ALBANY – The State Public Service Commission Monday approved the state’s Clean Energy Standard aimed at fighting climate change, reducing harmful air pollution, and ensuring a diverse and reliable energy supply.

The Clean Energy Standard will require 50 percent of New York’s electricity to come from renewable energy sources by 2030, with a phase in schedule over the next several years.

The Standard will reduce harmful greenhouse gas emissions and prevent backsliding on progress made to date by maintaining the operation of carbon-free nuclear power plants.

The director of New York AREA, the New York Affordable Reliable Electricity Alliance, a pro-nuclear group, Rob DiFrancesco, applauded the decision and its implications for Indian Point.

“The PSC, by issuing this order [Monday] is saying that nuclear power is, in fact, clean energy.

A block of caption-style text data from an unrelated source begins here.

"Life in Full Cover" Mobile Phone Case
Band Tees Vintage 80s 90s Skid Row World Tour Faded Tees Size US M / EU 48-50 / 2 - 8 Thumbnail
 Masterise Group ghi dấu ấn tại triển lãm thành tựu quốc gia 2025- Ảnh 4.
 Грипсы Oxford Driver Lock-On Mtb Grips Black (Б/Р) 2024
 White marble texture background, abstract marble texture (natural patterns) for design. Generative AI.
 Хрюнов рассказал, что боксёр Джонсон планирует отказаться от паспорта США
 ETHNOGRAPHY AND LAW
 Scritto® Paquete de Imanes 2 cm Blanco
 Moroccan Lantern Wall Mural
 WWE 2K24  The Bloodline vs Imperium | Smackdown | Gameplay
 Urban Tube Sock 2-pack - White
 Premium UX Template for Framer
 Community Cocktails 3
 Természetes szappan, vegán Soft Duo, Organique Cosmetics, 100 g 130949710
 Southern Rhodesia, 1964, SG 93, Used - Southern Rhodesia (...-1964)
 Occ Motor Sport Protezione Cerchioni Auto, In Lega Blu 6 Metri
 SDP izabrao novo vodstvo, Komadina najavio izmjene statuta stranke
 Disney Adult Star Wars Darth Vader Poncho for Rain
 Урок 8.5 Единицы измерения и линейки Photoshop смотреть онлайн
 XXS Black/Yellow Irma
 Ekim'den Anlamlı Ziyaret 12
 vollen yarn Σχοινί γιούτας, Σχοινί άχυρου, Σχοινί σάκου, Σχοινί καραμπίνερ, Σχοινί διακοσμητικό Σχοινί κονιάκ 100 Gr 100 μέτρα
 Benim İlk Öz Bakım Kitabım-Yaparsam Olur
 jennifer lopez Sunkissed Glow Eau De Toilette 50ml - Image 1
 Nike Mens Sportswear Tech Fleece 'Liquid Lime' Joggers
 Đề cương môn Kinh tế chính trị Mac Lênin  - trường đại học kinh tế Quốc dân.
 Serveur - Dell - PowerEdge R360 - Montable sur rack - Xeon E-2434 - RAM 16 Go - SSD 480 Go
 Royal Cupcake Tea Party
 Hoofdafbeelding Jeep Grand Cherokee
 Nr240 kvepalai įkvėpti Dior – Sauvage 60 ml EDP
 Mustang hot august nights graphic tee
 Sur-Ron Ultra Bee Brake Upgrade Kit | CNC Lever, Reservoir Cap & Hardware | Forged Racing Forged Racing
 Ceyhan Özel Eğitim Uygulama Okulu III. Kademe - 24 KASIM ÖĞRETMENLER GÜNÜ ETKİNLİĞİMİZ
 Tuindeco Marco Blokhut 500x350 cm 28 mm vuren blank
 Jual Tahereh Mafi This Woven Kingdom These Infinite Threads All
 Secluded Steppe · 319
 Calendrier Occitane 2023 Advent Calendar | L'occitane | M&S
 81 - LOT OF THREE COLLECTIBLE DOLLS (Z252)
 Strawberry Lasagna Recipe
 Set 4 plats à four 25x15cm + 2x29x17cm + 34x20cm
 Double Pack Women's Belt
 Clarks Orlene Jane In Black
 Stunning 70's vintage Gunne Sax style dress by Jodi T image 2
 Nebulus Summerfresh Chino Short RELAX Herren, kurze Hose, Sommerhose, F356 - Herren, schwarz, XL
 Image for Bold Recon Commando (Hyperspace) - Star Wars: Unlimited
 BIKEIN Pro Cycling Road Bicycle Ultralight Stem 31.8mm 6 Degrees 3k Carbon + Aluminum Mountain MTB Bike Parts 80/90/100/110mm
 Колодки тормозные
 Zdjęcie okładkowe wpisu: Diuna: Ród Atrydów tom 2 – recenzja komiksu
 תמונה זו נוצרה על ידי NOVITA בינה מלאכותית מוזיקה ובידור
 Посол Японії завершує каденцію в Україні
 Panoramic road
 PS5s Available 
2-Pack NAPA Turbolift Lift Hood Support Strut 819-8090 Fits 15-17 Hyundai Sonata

It emits zero carbon, and Indian Point specifically is a great source of jobs and energy for our region, all without emitting carbon,” he said.

DiFrancesco said given the new Standard, the state should withdraw its objection to the relicensing of Indian Point.

Peter Iwanowicz, executive director of Environmental Advocates of New York, said the Standard “moves us down the path towards clean, renewable energy by taking the promise of getting half of our electricity from clean, renewable sources by 2030, and requiring companies to get there.”

But, Darren Suarez, director of government affairs for The Business Council of New York State, said the PSC “failed to properly evaluate the significant costs associated with the Clean Energy Standard.” He said that will cost businesses in the state “billions of dollars and put current and future New York manufacturing jobs in other energy-intensive sectors, in mortal danger.”